We do not assent to the appellee’s proposition that a stipulation in an executory contract that time is of the essence of the agreement is for the benefit of the vendor or grantor. The Texas courts construe it as being applicable to the vendee also. Hausler v. Harding-Gill Co. (Tex. Com. App.) 15 S.W.(2d) 548; Raywood C. & M. Co. v. Sharp (Tex. Civ. App.) 175 S. W. 499; Gaddis v. Mayfield (Tex. Civ. App.) 239 S. W. 1010; Nicholson v. Whyte (Tex. Civ. App.) 236 S. W. 770; Burks v. Neutzler (Tex. Com. App.) 2 S.W.(2d) 416.

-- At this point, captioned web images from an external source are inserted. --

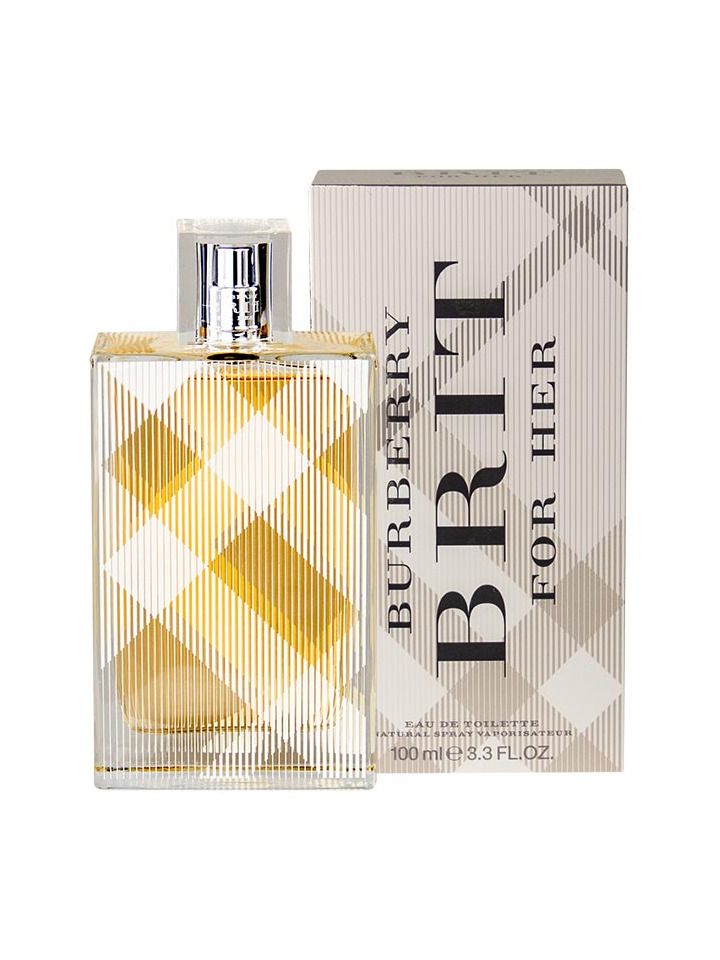 Burberry Brit for Women EdT 100 ml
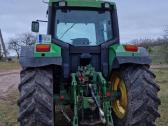 Traktorius John Deere 6600 - nuotraukos Nr. 3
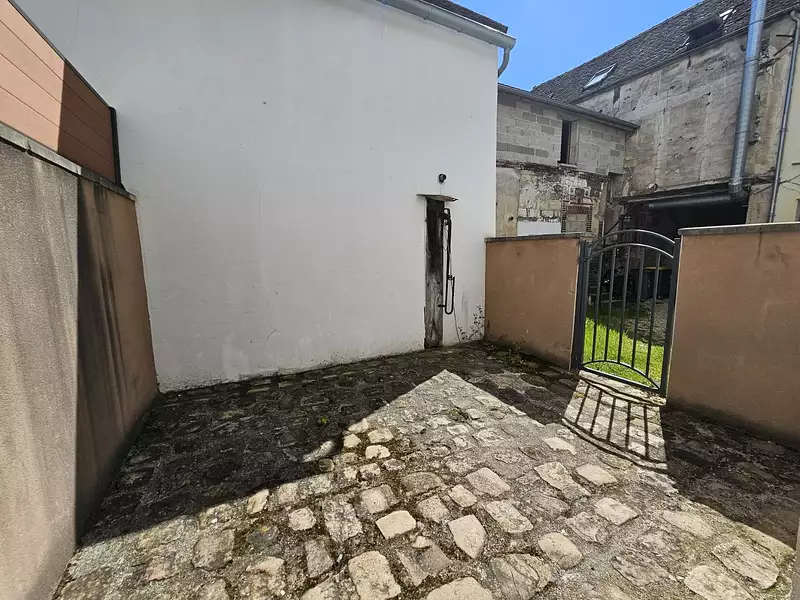 Appartement, 21,69 m²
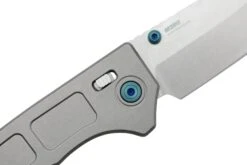 Benchmade Narrows 748 Titanium, Stonewashed M390, Taschenmesser -Benchmade Verkaufsgeschäft BE748 05 benchmade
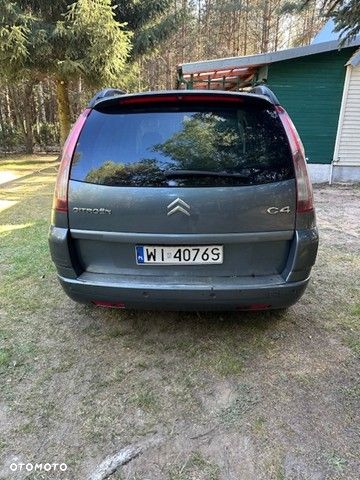 Citroën C4 Grand Picasso 2.0 HDi Impress Exclusive - 4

That it was intended that time should be of the essence of the contract is shown by the extremely short period in which the as-signee was given to transport its-derrick material and heavy machinery to the lease, to construct the derrick, spud in the well, and complete it to sea level or production. It is a matter of common knowledge that it requires much time to prepare for drilling an oil and gas well, and that at best it is a very expensive undertaking. Every contract must be given a reasonable construction. 10 Tex. Jur. 315. It is not reasonable to suppose that the appellant would perform the necessary labor and incur the enormous expense incident to the prosecution of the work within such a short time without the assurance that its title to the leasehold when the well was completed would be unassailable. Its right to rescind the contract under the cif-cumstances presented by this record' is amply supported by the authorities. The facts are undisputed. Believing that the learned trial judge erred in his construction and interpretation of the contract, the judgment is reversed and here rendered that Williams and the Kelly Petroleum Company take nothing, and that they pay all costs. It is further adjudged and decreed that the Shamrock Oil & Gas Company recover of the Amarillo National Bank the sum of $3,900. In so far as the judgment allows the Amarillo National Bank $100 as attorney’s fees, it is affirmed. In all things else it is here reversed and rendered for the Shamrock Oil <¾ Gas Company.